By Jay Fahn, Senior Vice President, First Eagle Bank
From Lincoln Park to Hinsdale, from South Shore to Highland Park, construction crews are busy again with spec condos, office space and residential tear-downs, all with full expectations that buyers will appear. While developer optimism may be justified – we’re in the hottest commercial property market since the bust in 2007 – there are fresh concerns that if we’re not careful, Chicago real estate is poised to overheat. And imagination alone won’t save us from the negative consequences.
As on that magical Iowa cornfield turned baseball diamond, real estate is a team sport requiring lenders, developers, realtors, buyers and sellers to consider the big picture. The Great Recession reminded us how quickly “irrational exuberance” or “teardown fever” can turn ugly and then disastrous for players and spectators alike.
So, are we experiencing a robust recovery and healthy growth? Or are we slipping back into those former destructive habits? Recent history, in this case the housing bubble and credit crisis, is not always a foolproof guide to the future, but it should never be far from our collective memories.
Here are three current trends in the Chicago real estate market worth keeping in mind:
- Higher leverage-Following the housing bubble burst, many borrowers had to practically sell their souls to secure bank financing. Now, some lenders are offering loan advance rates up to and beyond 80 percent. When combined with limited or no personal recourse, low interest rates, and longer amortization borrowers have minimal “skin in the game,” and the market will then be well into “bubble territory” again.
- Cheap money – Demand for multi family properties, single-family homes, condos, loft office buildings, and hospitality developments is up and cap rates are down. Record prices are being paid for multifamily properties, loft offices and land. A recent story in the Chicago Tribune cites the case of three adjacent single family homes in Lincoln Park, each of which sold for over $1 million, where the buyer knocked them down to build a home on the triple lot. And this isn’t the only such instance. Most realtors point to cheap money as driving this trend, which in turn attracts more buyers (many of them inexperienced) which then results in overpaying for assets and which then drives prices even higher, creating an even bigger “bubble.”

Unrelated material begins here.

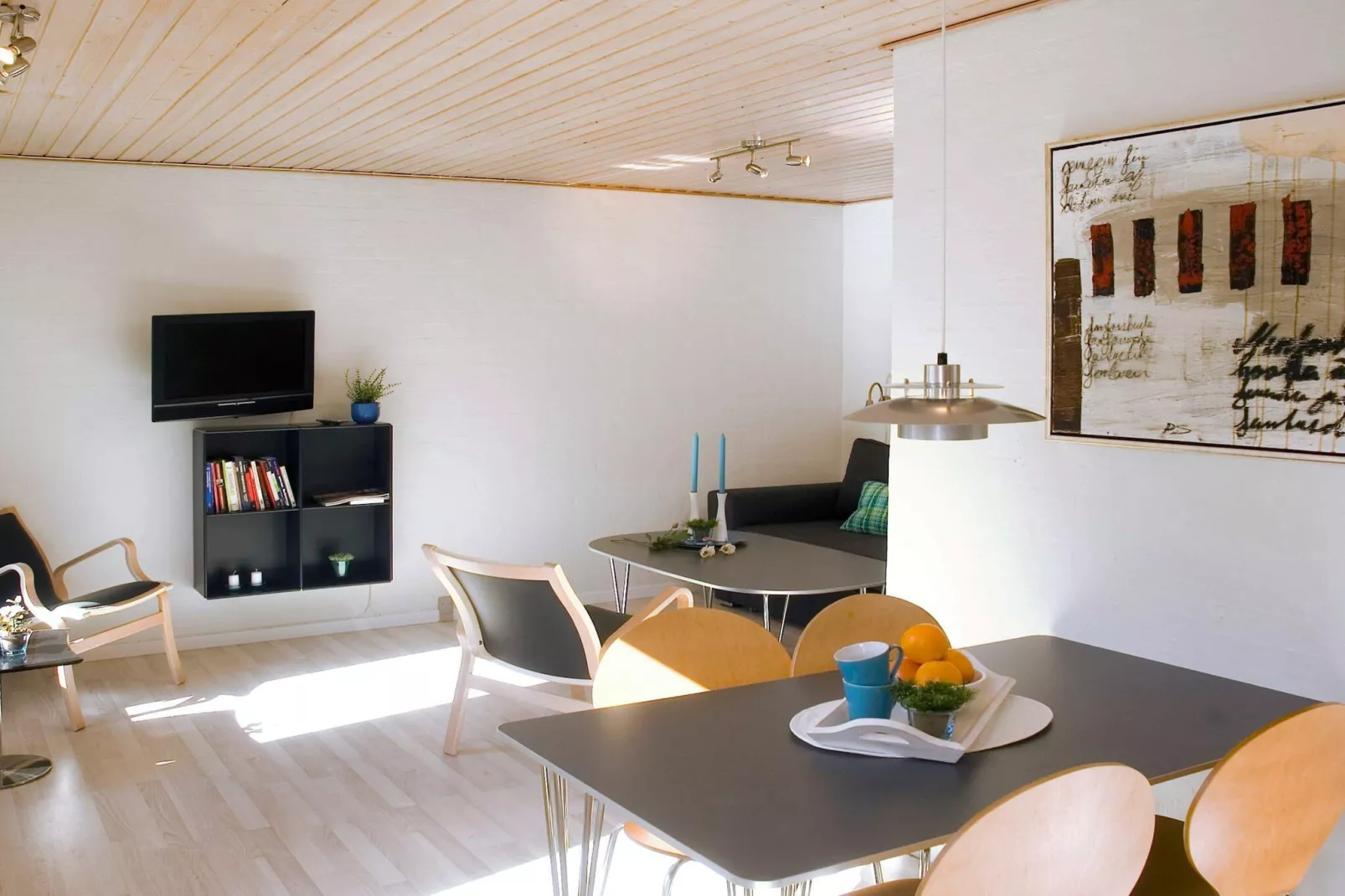 2-4 pers.Hus - Intérieur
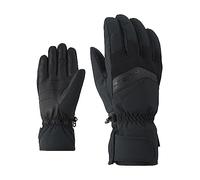Ziener Gloves Gabino Guantes Esquí, Hombre, Black, 8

- Longer amortization-Lower principal payments on amortizing loans means debt remains high and equity low. Combined with higher leverage, borrowers become even more vulnerable to rising property taxes and operating costs. There is less protection for the borrower against tightening credit markets and growing refinance risk, especially if the “bubble” bursts.
With the economy still struggling to recover, all participants should get a reasonable good deal: buyers, sellers, lenders and realtors. Perhaps we should remember that the real estate market is not a Field of Dreams, but rather, a roster of real-world players who all benefit from steady growth in the real estate sector where price and value are aligned. Because if the market tanks again, we all lose.